Our team arrived to our first homestay yesterday, knowing that today
would be our chance to observe (and participate) in a local burial
service. Last night we went to sleep listening to the amplified
recordings broadcast from the house behind our host's where the wake
was taking place. This morning, we watched our host and a score of
mamas preparing the meal that would be served after the service.
Around ten in the morning, we heard the beginning of the testimonies
of those who knew Susana.
Susana was a grandmother suffering from AIDS. Our director, Ellen
Daniels-Howell, had met her once before, and learned some of her
story. Susana and her daughter-in-law lived in their clay house with
the tin roof, working in their shamba (field), raising maize and peas
and other subsistence goods, struggling to survive. The
daughter-in-law (also sick, also a widow) will have to leave the
house, since the property is not traditionally hers. Unfortunately,
our team did not have the opportunity to meet Susana, but we did honor
her today by our presence at her burial.
We went out her backyard around noon, to go observe and listen to the
testimonies. This tradition of eulogy is continuous, with anyone who
desires to speak about the deceased approaches the microphone and
extemporizes for a unset period of time. When we arrived, we were
found seats in the shade, (with the ubiquitous KenPoly chairs), and we
settled down to see what we could see and hear what we might hear.

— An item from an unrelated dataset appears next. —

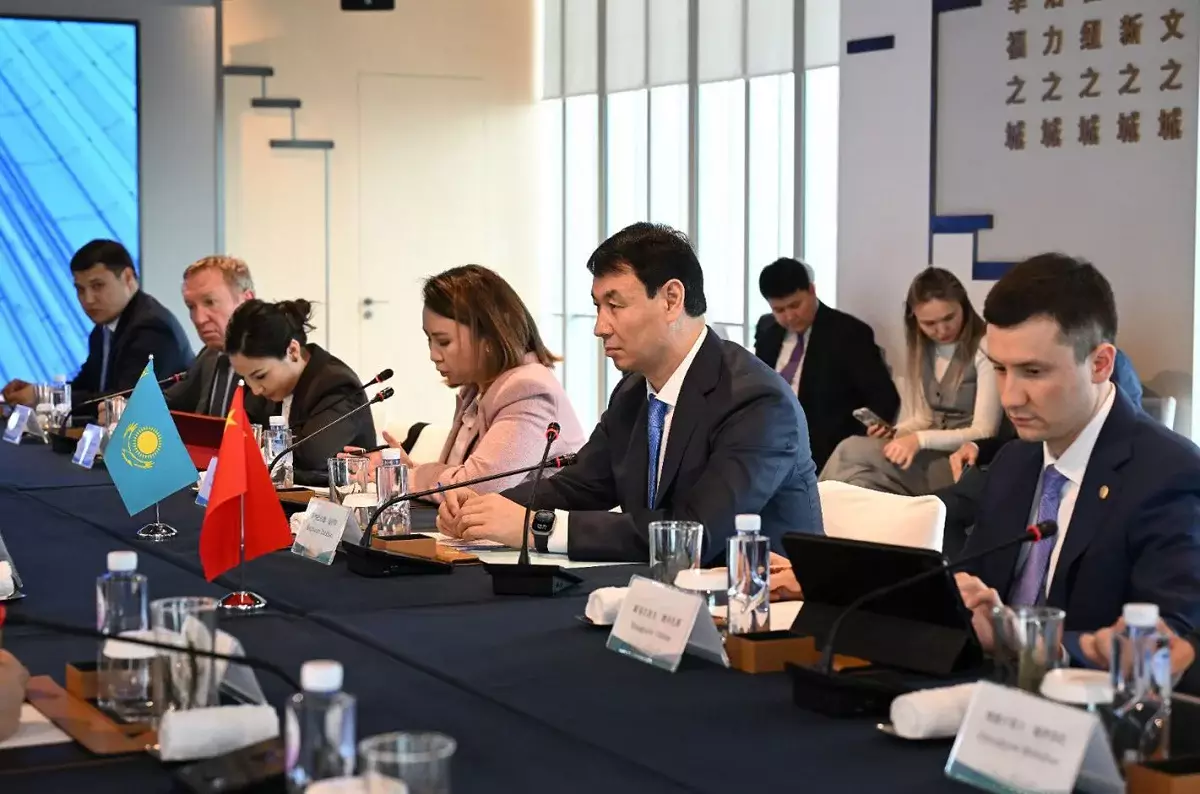 Ірі қытай компаниясы Алматыдағы құрылыс жобаларына қызығушылық танытты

We listened to the Dhluo testimonies, with periodic spurts of singing
and clapping, watching the crowd grow and watch us. We estimate that
at least three hundred mourners showed up to show their respects for
Susana. After three hours of sitting and watching, we were told that
we should go take our offering up under the tent. We queued with our
shilling notes in hand, and entered the tent. Shuffling and humming
along to the a capella choir, we approached the place where we were to
deposit our offering. The black plastic bowl was placed on the lace
covering the coffin, directly next to the small plexiglass window
directly over Susana's face, allowing us to see her face, preserved in
death.
We returned briefly to our seats in the shade, but soon our guide told
us to come get behind the choir, again inside the tent. We gathered
again, not really knowing exactly what was about to happen (a common
occurrence here). Soon, we began to sing, and move forward in a long
train toward the shamba off to the side. The coffin followed us
closely as we came up to the grave already dug deep.
We continued to sing, and the preachers read from their service books,
and then four young men jumped into the hole, to receive the coffin,
to lower it down to the bottom of the hole. After they lowered it in,
and jumped back out, the preacher shoveled a spade of red clay onto
the lace covered coffin, with the appropriate words (presumably. I
don't know for sure since they, as the complete rest of the service,
were spoken in Dhluo). We prayed. As we continued to sing, the spade
and two hoes were taken up to completely fill in the grave as we
remained standing around the quickly shallowing grave.
Many hands make short work, the young men rotating between the tools
taking a five foot hill and a five foot hole to level ground in about
fifteen minutes. As they worked, periodically ringing the tools
together to shake off packed clay, spare stalks of the maize from the
field Susana is now buried in came in with the dirt. As the hill
vanished, the crowd closed in around the newly covered grave, and a
final chorus was sung. "Going home to Jerusalem" hope and expectation
gathering in as we closed the service with a final prayer.
In all of my experience of Interments, the burying part is the one
that is hidden from view, not part of our cultural experience. Here,
in Kenya, we waited to see the whole process, so that we could be
assured that each this was indeed a circumstance when we enter our
deceased into the fertile soil. To be buried in your own field, out of
necessity or poetry, seems fitting, especially here where their lives
are so closely linked with this land.